Pastor Spitta. Das ist ja furchtbar! das ist ja entsetzlich! und geht über meine schlimmsten Befürchtungen weit hinaus. Und so sind mir die Augen denn aufgegangen. – Mein Herr, ich habe acht Kinder gehabt, von denen Erich unsre schönste Hoffnung, seine nächstälteste Schwester unsre schwerste Prüfung von Gott bedeutete und die nun, dem Anschein nach, beide von der gleichen verruchten Stadt als Opfer gefordert worden sind. Das Mädchen war früh entwickelt, war schön! – doch ... Jetzt muß ich zu etwas anderem kommen. – Ich bin seit drei Tagen in Berlin und habe Erich noch nicht gesehen. Als ich ihn heute aufsuchen wollte, war er in seiner Wohnung nicht anwesend. Ich habe eine Weile gewartet und mich natürlich dabei in seiner Behausung umgesehen. Nun: betrachten Sie dieses Bild, Herr Direktor! Er hat eine kleine Photographie, indem er Erichs Brief zurücklegt, aus der Brieftasche genommen und hält sie dem Direktor unter die Augen.
Direktor Hassenreuter nimmt und betrachtet das Bild, bald wie ein Kurzsichtiger, bald wie ein Weitsichtiger, stutzt. Wieso?

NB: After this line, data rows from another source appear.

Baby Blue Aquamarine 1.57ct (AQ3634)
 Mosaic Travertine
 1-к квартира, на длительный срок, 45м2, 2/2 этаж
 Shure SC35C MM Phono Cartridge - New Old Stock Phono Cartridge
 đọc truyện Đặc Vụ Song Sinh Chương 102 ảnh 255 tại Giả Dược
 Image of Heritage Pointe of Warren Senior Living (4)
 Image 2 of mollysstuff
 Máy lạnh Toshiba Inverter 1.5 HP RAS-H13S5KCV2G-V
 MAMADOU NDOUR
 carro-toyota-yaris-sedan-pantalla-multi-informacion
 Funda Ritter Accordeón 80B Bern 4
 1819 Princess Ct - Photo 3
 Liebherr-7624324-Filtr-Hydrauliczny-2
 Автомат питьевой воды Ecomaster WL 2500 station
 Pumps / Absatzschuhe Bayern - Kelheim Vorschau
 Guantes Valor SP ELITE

Pastor Spitta. An dem albernen Lärvchen liegt weiter nichts. Aber lesen Sie bitte die Unterschrift.
Direktor Hassenreuter Wo?
Pastor Spitta liest. »Ihrem einzigen Liebsten, seine Walburga.«
Direktor Hassenreuter. Erlauben Sie mal! – Was heißt das, Herr Pastor?
Pastor Spitta. Irgendein Nähmädchen, heißt das! Wenn nicht gar irgendeine obskure Kellnerin!
Direktor Hassenreuter, sehr bleich. Hm. Steckt das Bild ein. Ich werde das Bild behalten, Herr Pastor.
Pastor Spitta. In solchem Schmutz wälzt sich dieser Sohn. Und nun denken Sie sich in meine Lage: mit welchen Gefühlen, mit welcher Stirn soll ich künftig vor meiner Gemeinde auf der Kanzel stehn ...?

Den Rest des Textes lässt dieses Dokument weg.